Diese Spektrographen, die es DESIs Roboteraugen ermöglichen, auch schwache, entfernte Galaxien zu “sehen”, wurden entwickelt, um die Rotverschiebung zu messen, d.h. eine Farbverschiebung von Objekten, die sich von uns wegbewegen, zu längeren, röteren Wellenlängen.
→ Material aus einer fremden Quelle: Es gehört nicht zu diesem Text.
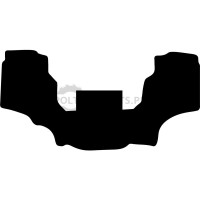 Mata podłogowa, gumowa - 654950648 - Sklep rolniczy PoltechParts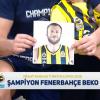 Il Fenerbahce vince la Coppa di Turchia, arriva la dedica a Nicolò Melli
Die Rotverschiebung ist analog dazu, wie sich das Geräusch der Sirene eines Feuerwehrfahrzeugs in niedrigere Töne verschiebt, wenn es sich von uns entfernt.

“DESI ist ein sehr spannendes Projekt, das diese Rotverschiebungen für überzeugende Messungen von baryonischen akustischen Schwingungen und dunkler Energie nutzen wird”, sagte Roodman. “Es ist auch spannend, dass diese Daten die Daten des Large Synoptic Survey Telescope der nächsten Generation, das die dunkle Energie auf andere Weise messen wird, sehr gut ergänzen werden.” Beide Datensätze kombiniert werden einzigartige Möglichkeiten bieten, diese mysteriöse kosmische Eigenschaft zu untersuchen, sagte er.

Inzwischen sind acht DESI-Spektrographen installiert, die letzten beiden kommen noch vor Jahresende an. Um die Fokusebene mit den Spektrographen, die sich unter dem Teleskop befinden, zu verbinden, ist DESI mit etwa 150 Meilen Glasfaserkabeln ausgestattet.

“Dies ist ein sehr aufregender Moment”, sagte Nathalie Palanque-Delabrouille, eine DESI-Sprecherin und Astrophysikerin bei der französischen Kommission für alternative Energien und Atomenergie (CEA), die am Auswahlverfahren teilgenommen hat, um festzustellen, welche Galaxien und andere Objekte DESI beobachten wird. “Das Instrument ist alles da. Es war sehr aufregend, von Anfang an dabei zu sein.”

Gregory Tarlé, Physikprofessor an der University of Michigan (UM), der die Studententeams leitete, die die Roboterpositionierer und verwandte Komponenten zusammenstellten, sagte, es sei erfreulich, eine Phase im Projekt zu erreichen, in der alle komplexen Komponenten von DESI zusammen funktionieren. UM lieferte insgesamt 7.300 Roboter-Positionierer, einschließlich Ersatzteile. Während der Produktionsspitze produzierten die Teams täglich etwa 50 Positionierer.

Nachdem die harte Arbeit beim Bau von DESI nun weitgehend abgeschlossen ist, sagte Tarlé, er freue sich auf die Entdeckungen von DESI.

“Ich möchte herausfinden, was die Natur der dunklen Energie ist”, sagte er. “Wir haben endlich eine Chance, die Natur dieses Materials zu verstehen, das das Universum dominiert.”